TASK DETAILS: Which lines of the entries below include "Silver"? List them all.

PROVIDED DATA: Begin

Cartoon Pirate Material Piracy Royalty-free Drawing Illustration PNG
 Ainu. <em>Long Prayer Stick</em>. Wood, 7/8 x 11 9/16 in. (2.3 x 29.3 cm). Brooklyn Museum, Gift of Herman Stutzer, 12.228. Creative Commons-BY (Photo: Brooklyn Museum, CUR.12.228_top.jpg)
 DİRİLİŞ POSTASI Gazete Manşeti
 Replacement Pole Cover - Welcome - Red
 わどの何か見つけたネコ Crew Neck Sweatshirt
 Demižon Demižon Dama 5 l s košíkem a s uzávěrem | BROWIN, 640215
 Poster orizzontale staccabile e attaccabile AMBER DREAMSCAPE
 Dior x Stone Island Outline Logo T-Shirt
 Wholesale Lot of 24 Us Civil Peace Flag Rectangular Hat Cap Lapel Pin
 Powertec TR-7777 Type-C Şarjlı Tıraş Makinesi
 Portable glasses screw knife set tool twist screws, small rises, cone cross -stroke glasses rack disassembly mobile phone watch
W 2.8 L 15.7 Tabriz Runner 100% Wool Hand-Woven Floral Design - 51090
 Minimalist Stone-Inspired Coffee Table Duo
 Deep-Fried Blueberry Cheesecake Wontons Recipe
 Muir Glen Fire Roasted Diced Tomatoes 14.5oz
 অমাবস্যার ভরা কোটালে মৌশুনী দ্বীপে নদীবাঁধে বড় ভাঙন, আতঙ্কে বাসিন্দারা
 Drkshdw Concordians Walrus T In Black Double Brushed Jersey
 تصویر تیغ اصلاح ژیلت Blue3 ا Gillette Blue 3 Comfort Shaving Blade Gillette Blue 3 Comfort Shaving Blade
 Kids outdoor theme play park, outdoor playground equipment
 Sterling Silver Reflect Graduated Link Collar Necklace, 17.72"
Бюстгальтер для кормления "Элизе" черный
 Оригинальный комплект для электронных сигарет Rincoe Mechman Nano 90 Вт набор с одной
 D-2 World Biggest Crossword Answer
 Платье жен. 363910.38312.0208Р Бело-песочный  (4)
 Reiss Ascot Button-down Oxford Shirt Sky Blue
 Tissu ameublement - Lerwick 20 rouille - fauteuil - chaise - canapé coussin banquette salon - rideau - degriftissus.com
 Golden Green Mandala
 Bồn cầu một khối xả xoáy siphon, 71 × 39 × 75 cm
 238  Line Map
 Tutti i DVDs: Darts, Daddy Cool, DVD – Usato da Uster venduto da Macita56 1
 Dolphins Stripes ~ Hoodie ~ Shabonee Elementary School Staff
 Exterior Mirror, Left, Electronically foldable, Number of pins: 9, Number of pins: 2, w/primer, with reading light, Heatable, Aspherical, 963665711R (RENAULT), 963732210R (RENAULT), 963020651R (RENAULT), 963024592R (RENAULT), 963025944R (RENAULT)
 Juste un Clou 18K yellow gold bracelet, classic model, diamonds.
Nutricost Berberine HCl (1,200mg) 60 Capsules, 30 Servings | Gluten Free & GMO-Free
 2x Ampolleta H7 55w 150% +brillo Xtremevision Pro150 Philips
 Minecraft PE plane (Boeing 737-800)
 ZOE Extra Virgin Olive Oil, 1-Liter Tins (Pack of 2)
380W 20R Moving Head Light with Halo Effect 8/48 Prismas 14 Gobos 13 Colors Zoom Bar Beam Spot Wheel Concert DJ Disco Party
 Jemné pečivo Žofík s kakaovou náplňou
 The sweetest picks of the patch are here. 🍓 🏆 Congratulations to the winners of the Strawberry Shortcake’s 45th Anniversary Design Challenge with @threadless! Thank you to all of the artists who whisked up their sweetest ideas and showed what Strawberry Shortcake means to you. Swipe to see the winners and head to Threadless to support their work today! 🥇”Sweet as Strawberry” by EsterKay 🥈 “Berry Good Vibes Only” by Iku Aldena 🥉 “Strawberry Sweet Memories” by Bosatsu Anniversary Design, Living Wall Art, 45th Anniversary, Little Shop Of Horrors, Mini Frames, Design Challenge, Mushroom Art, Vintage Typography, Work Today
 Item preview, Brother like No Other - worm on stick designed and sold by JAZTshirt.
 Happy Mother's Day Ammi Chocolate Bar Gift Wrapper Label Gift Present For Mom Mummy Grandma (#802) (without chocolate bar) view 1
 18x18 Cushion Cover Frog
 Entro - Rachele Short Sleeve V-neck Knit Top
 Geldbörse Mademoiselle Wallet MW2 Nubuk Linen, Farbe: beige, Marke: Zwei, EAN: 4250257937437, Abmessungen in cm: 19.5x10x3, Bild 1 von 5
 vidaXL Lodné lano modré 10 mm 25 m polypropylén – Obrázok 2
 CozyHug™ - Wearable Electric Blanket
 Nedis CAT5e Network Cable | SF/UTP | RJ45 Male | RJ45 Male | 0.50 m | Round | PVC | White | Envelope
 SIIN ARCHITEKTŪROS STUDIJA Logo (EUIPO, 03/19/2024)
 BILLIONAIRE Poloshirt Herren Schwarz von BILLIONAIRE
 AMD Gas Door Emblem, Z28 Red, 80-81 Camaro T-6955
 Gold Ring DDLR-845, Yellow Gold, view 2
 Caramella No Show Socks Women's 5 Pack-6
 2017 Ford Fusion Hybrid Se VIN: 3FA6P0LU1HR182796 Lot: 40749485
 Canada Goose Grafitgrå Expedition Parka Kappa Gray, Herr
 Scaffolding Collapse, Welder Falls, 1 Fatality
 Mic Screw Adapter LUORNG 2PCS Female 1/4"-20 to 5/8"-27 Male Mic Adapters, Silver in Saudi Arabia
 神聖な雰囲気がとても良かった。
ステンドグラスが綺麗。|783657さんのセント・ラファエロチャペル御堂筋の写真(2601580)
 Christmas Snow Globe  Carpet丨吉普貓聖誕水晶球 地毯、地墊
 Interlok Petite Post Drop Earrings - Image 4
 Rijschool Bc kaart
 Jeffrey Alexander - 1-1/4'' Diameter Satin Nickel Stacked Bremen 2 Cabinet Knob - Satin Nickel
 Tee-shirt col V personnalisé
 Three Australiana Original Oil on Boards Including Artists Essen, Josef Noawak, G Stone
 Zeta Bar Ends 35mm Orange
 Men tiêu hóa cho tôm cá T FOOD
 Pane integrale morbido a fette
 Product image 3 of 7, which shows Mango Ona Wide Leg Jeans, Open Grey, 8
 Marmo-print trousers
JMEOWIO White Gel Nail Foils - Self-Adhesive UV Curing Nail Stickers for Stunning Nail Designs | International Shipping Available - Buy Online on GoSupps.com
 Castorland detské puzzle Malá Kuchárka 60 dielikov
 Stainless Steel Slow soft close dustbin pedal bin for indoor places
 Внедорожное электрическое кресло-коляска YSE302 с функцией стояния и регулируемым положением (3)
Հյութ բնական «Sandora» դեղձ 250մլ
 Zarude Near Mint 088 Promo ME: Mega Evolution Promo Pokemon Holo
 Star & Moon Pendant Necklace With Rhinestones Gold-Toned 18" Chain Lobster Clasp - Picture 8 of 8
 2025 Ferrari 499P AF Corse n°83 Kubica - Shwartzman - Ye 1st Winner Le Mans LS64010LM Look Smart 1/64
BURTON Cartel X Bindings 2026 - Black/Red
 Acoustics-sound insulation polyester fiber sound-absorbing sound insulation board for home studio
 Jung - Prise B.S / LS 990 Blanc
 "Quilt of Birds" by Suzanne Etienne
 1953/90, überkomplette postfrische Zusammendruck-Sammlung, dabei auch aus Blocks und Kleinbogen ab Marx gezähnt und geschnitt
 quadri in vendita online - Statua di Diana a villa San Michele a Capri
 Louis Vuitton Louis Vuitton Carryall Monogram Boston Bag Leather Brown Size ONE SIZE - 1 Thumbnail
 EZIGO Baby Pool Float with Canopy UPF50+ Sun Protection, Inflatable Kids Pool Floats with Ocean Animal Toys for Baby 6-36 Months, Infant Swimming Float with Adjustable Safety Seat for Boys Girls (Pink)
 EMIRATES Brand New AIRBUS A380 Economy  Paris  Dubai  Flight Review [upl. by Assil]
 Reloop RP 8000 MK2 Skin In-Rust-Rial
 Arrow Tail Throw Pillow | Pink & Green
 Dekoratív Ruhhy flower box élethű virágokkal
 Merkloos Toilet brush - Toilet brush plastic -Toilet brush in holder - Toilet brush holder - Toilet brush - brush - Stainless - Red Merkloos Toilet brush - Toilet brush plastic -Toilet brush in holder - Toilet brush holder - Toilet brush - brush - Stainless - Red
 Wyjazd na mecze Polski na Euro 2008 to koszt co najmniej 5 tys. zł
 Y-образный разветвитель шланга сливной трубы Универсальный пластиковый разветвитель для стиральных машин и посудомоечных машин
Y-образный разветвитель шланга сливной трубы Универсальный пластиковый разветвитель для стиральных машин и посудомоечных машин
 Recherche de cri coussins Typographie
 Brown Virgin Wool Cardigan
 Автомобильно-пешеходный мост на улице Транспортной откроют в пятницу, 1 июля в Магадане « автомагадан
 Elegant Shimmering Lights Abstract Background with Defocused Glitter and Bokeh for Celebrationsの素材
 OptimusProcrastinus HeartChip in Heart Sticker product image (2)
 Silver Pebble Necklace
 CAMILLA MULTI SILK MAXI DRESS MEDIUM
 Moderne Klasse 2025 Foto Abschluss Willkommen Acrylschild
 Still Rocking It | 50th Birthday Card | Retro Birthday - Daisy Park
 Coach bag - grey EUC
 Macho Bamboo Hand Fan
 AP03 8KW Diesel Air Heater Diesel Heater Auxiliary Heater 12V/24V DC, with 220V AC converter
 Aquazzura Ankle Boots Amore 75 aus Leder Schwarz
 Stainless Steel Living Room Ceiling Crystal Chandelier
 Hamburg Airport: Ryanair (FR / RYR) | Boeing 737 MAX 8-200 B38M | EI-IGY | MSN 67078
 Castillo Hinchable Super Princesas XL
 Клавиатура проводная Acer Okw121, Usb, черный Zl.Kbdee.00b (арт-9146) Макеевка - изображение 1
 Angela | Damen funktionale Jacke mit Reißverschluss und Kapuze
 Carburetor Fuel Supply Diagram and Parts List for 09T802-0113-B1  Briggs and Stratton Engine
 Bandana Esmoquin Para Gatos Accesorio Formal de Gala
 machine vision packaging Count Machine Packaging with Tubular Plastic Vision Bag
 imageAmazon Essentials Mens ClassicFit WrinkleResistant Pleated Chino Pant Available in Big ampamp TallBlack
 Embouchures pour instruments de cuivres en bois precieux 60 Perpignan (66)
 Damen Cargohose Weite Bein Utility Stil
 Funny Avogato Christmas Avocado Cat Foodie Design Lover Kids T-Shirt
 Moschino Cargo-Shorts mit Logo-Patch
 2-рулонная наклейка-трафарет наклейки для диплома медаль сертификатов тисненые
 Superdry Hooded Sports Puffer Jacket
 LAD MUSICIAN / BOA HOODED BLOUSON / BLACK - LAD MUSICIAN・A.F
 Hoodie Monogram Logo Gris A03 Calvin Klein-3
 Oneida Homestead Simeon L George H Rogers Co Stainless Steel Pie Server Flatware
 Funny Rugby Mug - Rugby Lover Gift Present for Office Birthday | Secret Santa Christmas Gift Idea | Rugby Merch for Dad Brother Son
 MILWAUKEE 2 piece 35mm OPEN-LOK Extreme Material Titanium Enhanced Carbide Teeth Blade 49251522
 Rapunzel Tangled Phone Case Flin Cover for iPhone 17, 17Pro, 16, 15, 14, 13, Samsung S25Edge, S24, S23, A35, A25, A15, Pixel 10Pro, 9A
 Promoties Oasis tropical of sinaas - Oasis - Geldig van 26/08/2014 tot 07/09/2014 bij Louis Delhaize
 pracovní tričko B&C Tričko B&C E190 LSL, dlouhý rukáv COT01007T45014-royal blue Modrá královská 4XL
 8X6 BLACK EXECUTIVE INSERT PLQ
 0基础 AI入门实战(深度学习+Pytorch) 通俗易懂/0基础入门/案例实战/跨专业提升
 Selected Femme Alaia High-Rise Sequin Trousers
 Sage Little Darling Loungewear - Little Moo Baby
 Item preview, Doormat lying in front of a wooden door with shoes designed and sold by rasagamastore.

PROVIDED DATA: End

RESULT:
 Sterling Silver Reflect Graduated Link Collar Necklace, 17.72"
 Mic Screw Adapter LUORNG 2PCS Female 1/4"-20 to 5/8"-27 Male Mic Adapters, Silver in Saudi Arabia
 Silver Pebble Necklace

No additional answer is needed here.